39.07 The Surgical Apgar Score in Major Esophageal Surgery

C. F. Janowak2, L. Taylor2, J. Blasberg1, J. Maloney1, R. Macke1  1University Of Wisconsin,Division Of Cardiothoracic Surgery,Madison, WI, USA 2University Of Wisconsin,Department Of Surgery,Madison, WI, USA

Introduction:  Most postoperative assessments and triage decisions are based on subjective evaluation of a patient’s risk factors and overall condition. The Surgical Apgar Score (SAS) is a validated prognostic tool used to predict postoperative morbidity and mortality in a wide variety of surgical patients. The esophagectomy population is a unique subset of surgical patients who are high risk for post-operative complication and disposition resources. An objective prognostic metric is an appealing and efficient way to allocate limited care resources to the sickest of postoperative patients. Although other more complex risk calculators have been developed, the SAS is a simple, bedside usable, model that has been validated in a variety of surgical populations. We evaluated the reliability of the SAS in a major esophageal surgery population. 

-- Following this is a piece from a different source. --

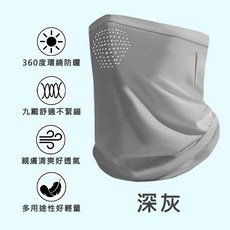 【IFaith】冰絲掛耳面罩 防曬面罩 涼感透氣運動頭巾 【O0053】, 1個, 深灰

Methods:  A retrospective review of a prospectively collected and internally validated database of cardiothoracic operations was performed for consecutive esophagectomies from 2009 to 2013.  Basic demographics, comorbidities, post-operative complications, and intraoperative variables were collected for all patients. The primary outcomes studied were mortality and NSQIP-defined in-hospital major complication; secondary outcomes were prolonged length of hospital stay (LOS) greater than 10 days and post-operative disposition. We used descriptive statistics, receiver operating characteristics (ROC) and Pearson Chi-Square analysis to analyze primary and secondary outcome prediction efficacy of SAS.  Preoperative comorbid conditions were also analyzed for association with post-operative outcomes prognostication using odds ratio (OR) analysis. 

Results: A total of 172 consecutive esophageal resections over four years were reviewed.   Overall mortality was 5 deaths (2.9%) with 4 occurring within 30 days of surgery, 1 after discharge within 30 days, and 1 after 90 days of hospitalization. Overall SAS 9-10, n=16; SAS 7-8, n=113; SAS 5-6, n= 42; and SAS ≤ 4, n=1. Of these, 34.3% had a major complication, 27.3% had a prolonged LOS, and 12.2% were discharged to a care facility other than home. No significant correlation was demonstrated between complication, LOS, or discharge disposition and the SAS with respective ROC of 0.44, 0.43, and 0.44.  Of the preoperative comorbid conditions analyzed, only neoadjuvant chemoradiation significantly increased the risk of any outcome, with an OR of 3.59 (95% CI 1.38-9.37, p < 0.01) risk of discharge to care other than home.

Conclusion: The perioperative performance measure of the SAS does not appear to have a good ability to predict major post-operative adverse outcomes in a major esophageal surgery population.